基于应变石墨烯基底的有机分子薄膜溶液外延生长研究

Epitaxial Growth of Organic Molecular Films Through Solution Process on Strain Modified-Graphene Substrates

有机半导体器件中的载流子微观动力学行为受有机分子的吸附取向和排列结构的影响极大。因此,研究有机分子在衬底表面的堆栈行为对于促进高性能有机半导体器件的研究极为重要。石墨烯具有模板效应,可促进有机分子的有序堆栈,从而能极大地提高相应器件的性能。在π-π耦合相互作用驱使下,有机分子(通常具有平面芳香环结构)在石墨烯衬底上通常呈现“平躺”式吸附模式。如何克服有机分子在石墨烯基底上吸附取向的单一性是“石墨烯基有机器件”研究亟待解决的问题。本文提出一种利用石墨烯应变和空间微形貌协同调控有机分子吸附取向的新策略,在具有周期性纳米级弯曲结构的石墨烯上实现了具有直立分子取向的二维超薄C8-BTBT薄膜的外延生长。研究发现,石墨烯弯曲程度和应变共同决定了C8-BTBT分子的直立几何形状及其在石墨烯表面的定向生长。本研究为控制二维材料界面上的分子外延向功能异质结构方向发展提供了一种可行的途径。
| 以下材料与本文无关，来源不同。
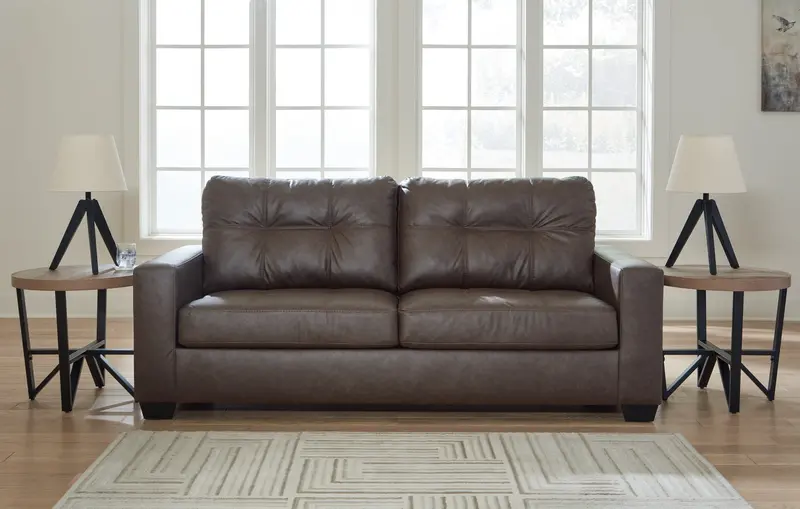 Barlin Mills Umber Fabric Sofa – Modern Living Room Seating 1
In organic semiconductor devices,the micro dynamic behavior of charge carriers is greatly influenced by the adsorption direction and arrangement structure of organic molecules.Therefore,studying the stacking behavior of organic molecules on the substrate surface is extremely important for promoting the research of high-performance organic semiconductor devices.The template effect of Graphene promotes the orderly stacking of organic molecules,which greatly improves the performance of corresponding devices.Driven byπ-πcoupling interaction,organic molecules(usually with planar aromatic ring structure)usually exhibit a“flat”adsorption mode on graphene substrates.Breaking through the single adsorption orientation of organic molecules on graphene substrate is of great significance for expanding the application of graphene materials in the field of organic semiconductors.In this paper,a new strategy using graphene strain and spatial micromorphology to synergistically control the adsorption orientation of organic molecules is proposed.The epitaxial growth of two-dimensional ultrathin C8-BTBT films with vertical molecular orientation is realized on graphene with periodic nanoscale bending structure.It is found that the bending degree and strain of graphene jointly determine the vertical geometry of C8-BTBT molecule and its directional growth on the surface of graphene.This study provides a feasible approach for controlling the development of molecular epitaxy towards functional heterostructures at two-dimensional material interfaces.